Phase of flight$v$ [km/h]$F_\text{drag}$ [N]$F_\text{drag}/mg$
Contact2003.636.5
Crossing the net1602.334.2
After bounce1301.542.8
Drifting (e.g. lob)500.230.4

Table 1 — The quadratic law bites hard: doubling the speed quadruples the drag.

4. Magnus effect

When a spinning sphere flies through air, its trajectory curves — and curves perpendicular to both the direction of motion and the spin axis. A topspin ball drops faster than gravity alone would predict; a slice serve curves sideways; a kick serve "kicks" up off the bounce. Physics calls this the Magnus effect, and our simulation captures it via the force

$$ \vec F_\text{Mag} \;=\; \tfrac12\,\rho\,A\,C_L\,|\vec v|^2\; \frac{\vec\omega_\perp \times \hat v}{\,|\vec\omega_\perp \times \hat v|\,}. $$

The key vector is $\vec\omega_\perp$, the projection of the angular velocity $\vec\omega$ onto the plane normal to velocity:

$$ \vec\omega_\perp \;=\; \vec\omega - (\vec\omega\!\cdot\!\hat v)\,\hat v. $$

Why the perpendicular component only?
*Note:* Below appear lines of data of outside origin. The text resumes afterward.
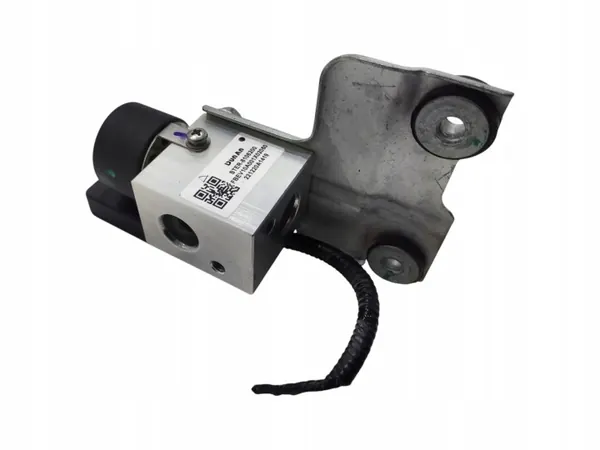 Klimatanläggningsventilsensor OEM FBEV10A00AX02050 BYD Seal 2024-2025 image 2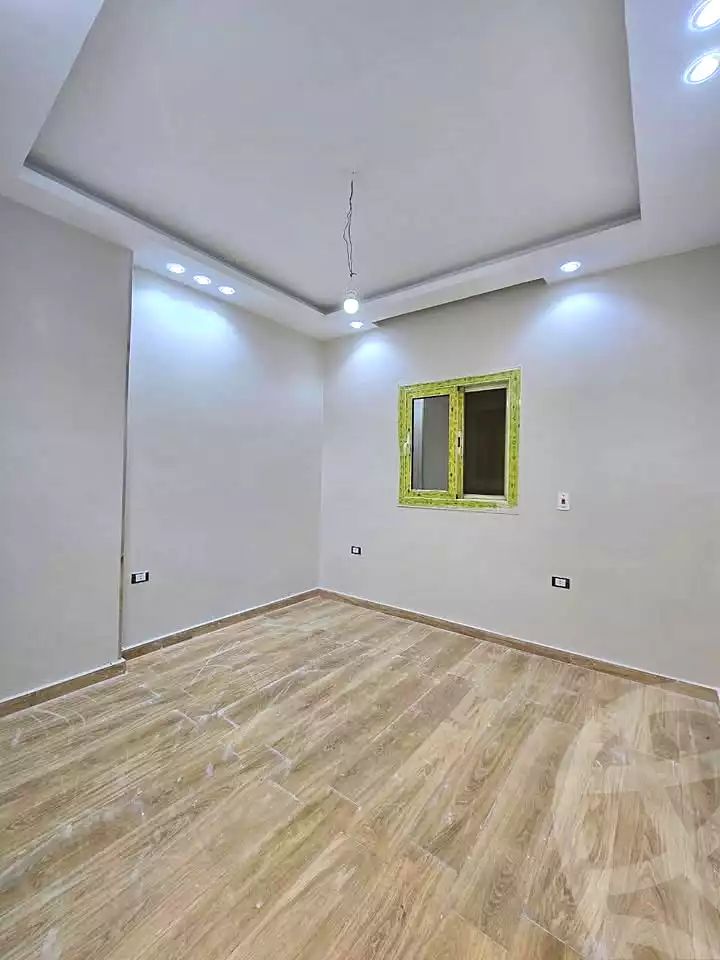 https://aqarmap.com.eg/en/listing/7054935-for-sale-cairo-el-haram-el-lebeny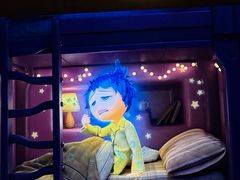 -良子足浴(湖滨店)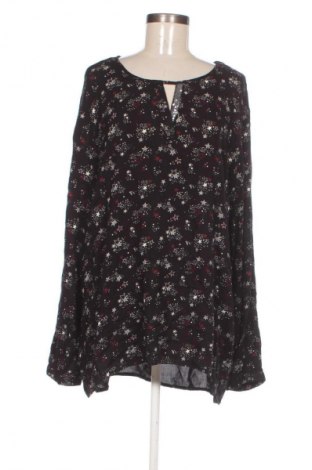 Damen Shirt Gina Benotti, Größe XL, Farbe Mehrfarbig, Preis 8,99 €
Spin along the flight direction (imagine the ball rotating around its own velocity axis) is symmetric with respect to surrounding air — both sides of the ball wash past it equally. Only when the spin axis has a component across the flight does one side "move into" the air faster than the other, creating the pressure differential that drives the force.

Which way does the force point?

The cross product $\vec\omega_\perp \times \hat v$ sets the direction. For the three classic cases in tennis:

  • Topspin — $\vec\omega = (0,\omega_y,0)$ with $\omega_y > 0$. Crossing with $\hat v$ (positive $x$ component) yields a force pointing down. Topspin adds to gravity, so the ball drops faster.
  • Backspin (classic baseliner slice, lob) — $\omega_y < 0$, force points up. The ball "floats" longer and stays in the air.
  • Sidespin — $\vec\omega = (0,0,\omega_z)$. Force points sideways ($\pm y$), bending the trajectory laterally.

How big is Magnus?

Stepanek gives us $C_L = \frac{1}{2 + S}$. For a 155 km/h kick serve ($v = 43.1$ m/s) with 3000 rpm of topspin, the angular speed is $\omega = 3000 \cdot 2\pi/60 = 314.2$ rad/s. The spin ratio is

$$ S \;=\; \frac{v}{R\,\omega} \;=\; \frac{43.1}{0.0335 \cdot 314.2} \;\approx\; 4.1, $$

so $C_L \approx 1/(2+4.1) \approx 0.164$. The Magnus force is

$$ F_\text{Mag} = \tfrac12 \cdot 1.21 \cdot 3.53\!\cdot\!10^{-3} \cdot 0.164 \cdot 43.1^2 \approx 0.65\ \mathrm{N}, $$

which is ~17 % of the ball's weight added to gravity. Dramatic? Not in absolute terms — but it acts over the entire flight, and the integrated drop adds up. A kick serve lands roughly 30–40 cm deeper into the box and 20 cm lower than a flat serve at the same launch parameters.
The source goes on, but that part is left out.